## DATA SHOWN:

=== Section Start ===

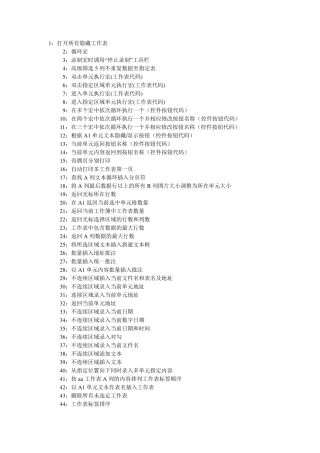 excel常用宏集合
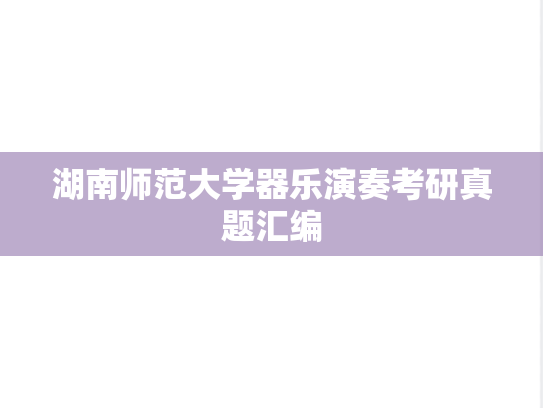湖南师范大学器乐演奏考研真题汇编
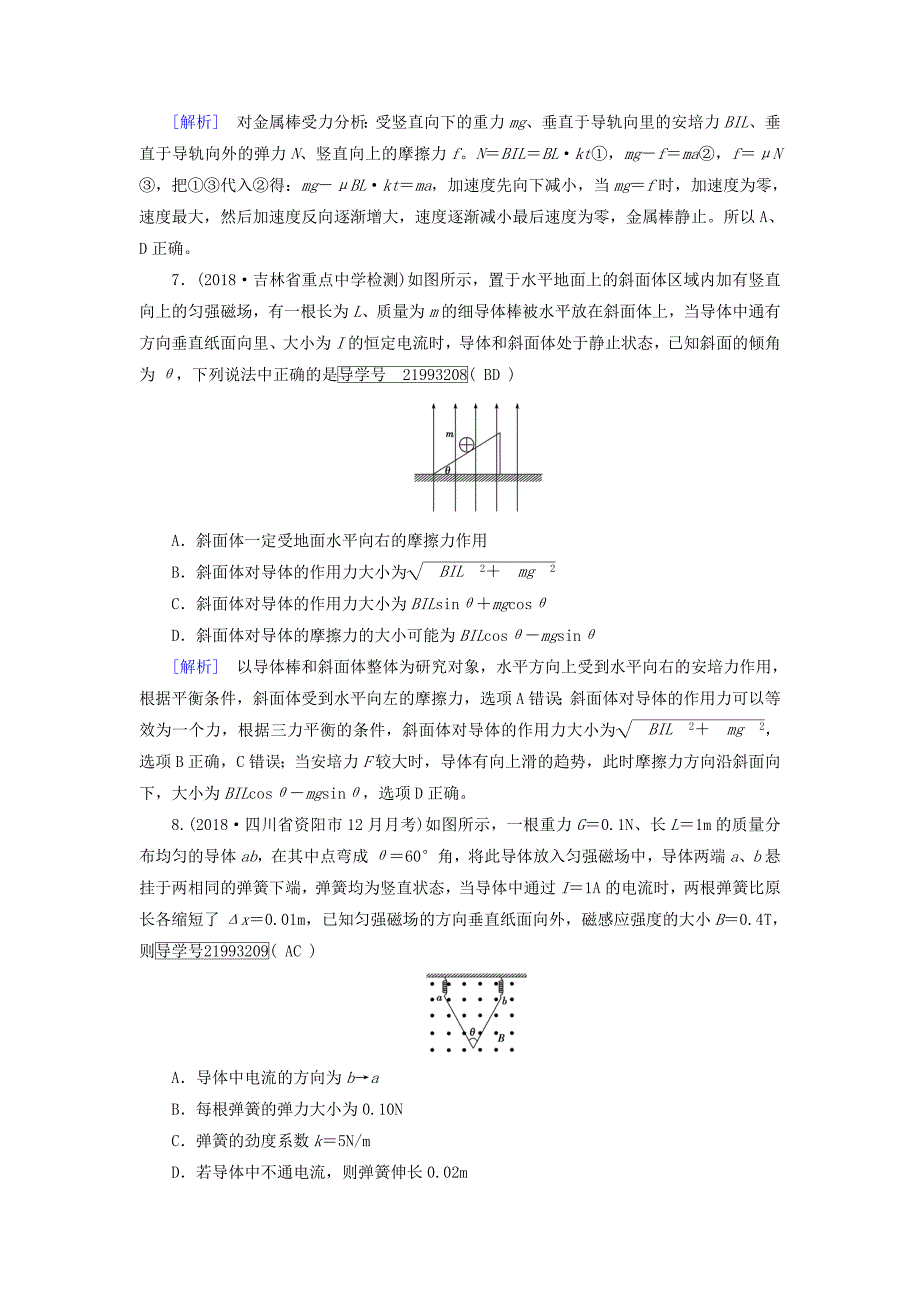 高考物理一轮复习第9章磁场练案25磁场及其对电流的作用新人教版_第4页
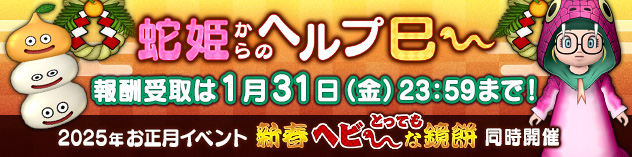 お正月イベント同時開催「蛇姫からのヘルプ巳～」報酬プレゼント中！　（2025/1/6）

=== Section End ===

## EXERCISE:
What you return should match the material line for line, with the images removed.

## ANSWER TO THIS TASK:
 excel常用宏集合
湖南师范大学器乐演奏考研真题汇编
 高考物理一轮复习第9章磁场练案25磁场及其对电流的作用新人教版_第4页
 お正月イベント同時開催「蛇姫からのヘルプ巳～」報酬プレゼント中！　（2025/1/6）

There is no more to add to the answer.